- Requirement -
Return exactly the listing's lines, from its first line to the line holding "Light Sky Blue", ends included.

:: Data for analysis

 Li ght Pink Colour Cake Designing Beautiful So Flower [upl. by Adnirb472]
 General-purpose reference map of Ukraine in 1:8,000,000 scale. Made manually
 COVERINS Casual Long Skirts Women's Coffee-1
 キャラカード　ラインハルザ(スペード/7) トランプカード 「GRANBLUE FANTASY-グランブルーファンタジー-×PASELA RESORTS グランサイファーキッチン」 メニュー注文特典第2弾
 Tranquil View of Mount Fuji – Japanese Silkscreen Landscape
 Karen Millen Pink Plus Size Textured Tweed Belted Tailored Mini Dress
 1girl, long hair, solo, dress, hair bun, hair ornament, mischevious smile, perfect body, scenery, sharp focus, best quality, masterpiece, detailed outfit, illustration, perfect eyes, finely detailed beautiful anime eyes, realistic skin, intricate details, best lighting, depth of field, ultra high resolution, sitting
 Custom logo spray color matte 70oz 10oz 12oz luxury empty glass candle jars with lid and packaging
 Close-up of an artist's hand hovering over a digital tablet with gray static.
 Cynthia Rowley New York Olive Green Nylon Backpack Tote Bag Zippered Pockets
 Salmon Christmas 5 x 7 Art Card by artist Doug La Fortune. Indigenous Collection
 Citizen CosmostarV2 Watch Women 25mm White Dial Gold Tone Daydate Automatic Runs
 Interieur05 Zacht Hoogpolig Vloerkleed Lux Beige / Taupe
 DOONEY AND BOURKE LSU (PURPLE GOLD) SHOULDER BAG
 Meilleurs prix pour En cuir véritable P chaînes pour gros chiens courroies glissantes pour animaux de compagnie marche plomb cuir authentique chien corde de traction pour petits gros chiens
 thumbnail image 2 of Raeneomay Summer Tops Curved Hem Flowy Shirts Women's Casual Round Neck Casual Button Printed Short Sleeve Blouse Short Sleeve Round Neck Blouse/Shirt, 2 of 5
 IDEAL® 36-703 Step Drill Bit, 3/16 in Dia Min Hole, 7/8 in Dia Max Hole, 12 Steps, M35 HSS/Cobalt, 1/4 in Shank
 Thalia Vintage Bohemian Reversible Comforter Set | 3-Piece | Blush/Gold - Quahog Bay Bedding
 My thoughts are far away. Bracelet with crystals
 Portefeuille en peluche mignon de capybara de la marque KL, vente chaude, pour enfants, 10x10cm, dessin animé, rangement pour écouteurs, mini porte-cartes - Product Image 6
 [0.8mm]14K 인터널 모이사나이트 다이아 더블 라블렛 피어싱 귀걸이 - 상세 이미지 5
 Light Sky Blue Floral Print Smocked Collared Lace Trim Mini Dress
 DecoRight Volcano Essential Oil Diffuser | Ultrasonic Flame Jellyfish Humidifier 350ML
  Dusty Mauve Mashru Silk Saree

::::

- Output of the task -
 Li ght Pink Colour Cake Designing Beautiful So Flower [upl. by Adnirb472]
 General-purpose reference map of Ukraine in 1:8,000,000 scale. Made manually
 COVERINS Casual Long Skirts Women's Coffee-1
 キャラカード　ラインハルザ(スペード/7) トランプカード 「GRANBLUE FANTASY-グランブルーファンタジー-×PASELA RESORTS グランサイファーキッチン」 メニュー注文特典第2弾
 Tranquil View of Mount Fuji – Japanese Silkscreen Landscape
 Karen Millen Pink Plus Size Textured Tweed Belted Tailored Mini Dress
 1girl, long hair, solo, dress, hair bun, hair ornament, mischevious smile, perfect body, scenery, sharp focus, best quality, masterpiece, detailed outfit, illustration, perfect eyes, finely detailed beautiful anime eyes, realistic skin, intricate details, best lighting, depth of field, ultra high resolution, sitting
 Custom logo spray color matte 70oz 10oz 12oz luxury empty glass candle jars with lid and packaging
 Close-up of an artist's hand hovering over a digital tablet with gray static.
 Cynthia Rowley New York Olive Green Nylon Backpack Tote Bag Zippered Pockets
 Salmon Christmas 5 x 7 Art Card by artist Doug La Fortune. Indigenous Collection
 Citizen CosmostarV2 Watch Women 25mm White Dial Gold Tone Daydate Automatic Runs
 Interieur05 Zacht Hoogpolig Vloerkleed Lux Beige / Taupe
 DOONEY AND BOURKE LSU (PURPLE GOLD) SHOULDER BAG
 Meilleurs prix pour En cuir véritable P chaînes pour gros chiens courroies glissantes pour animaux de compagnie marche plomb cuir authentique chien corde de traction pour petits gros chiens
 thumbnail image 2 of Raeneomay Summer Tops Curved Hem Flowy Shirts Women's Casual Round Neck Casual Button Printed Short Sleeve Blouse Short Sleeve Round Neck Blouse/Shirt, 2 of 5
 IDEAL® 36-703 Step Drill Bit, 3/16 in Dia Min Hole, 7/8 in Dia Max Hole, 12 Steps, M35 HSS/Cobalt, 1/4 in Shank
 Thalia Vintage Bohemian Reversible Comforter Set | 3-Piece | Blush/Gold - Quahog Bay Bedding
 My thoughts are far away. Bracelet with crystals
 Portefeuille en peluche mignon de capybara de la marque KL, vente chaude, pour enfants, 10x10cm, dessin animé, rangement pour écouteurs, mini porte-cartes - Product Image 6
 [0.8mm]14K 인터널 모이사나이트 다이아 더블 라블렛 피어싱 귀걸이 - 상세 이미지 5
 Light Sky Blue Floral Print Smocked Collared Lace Trim Mini Dress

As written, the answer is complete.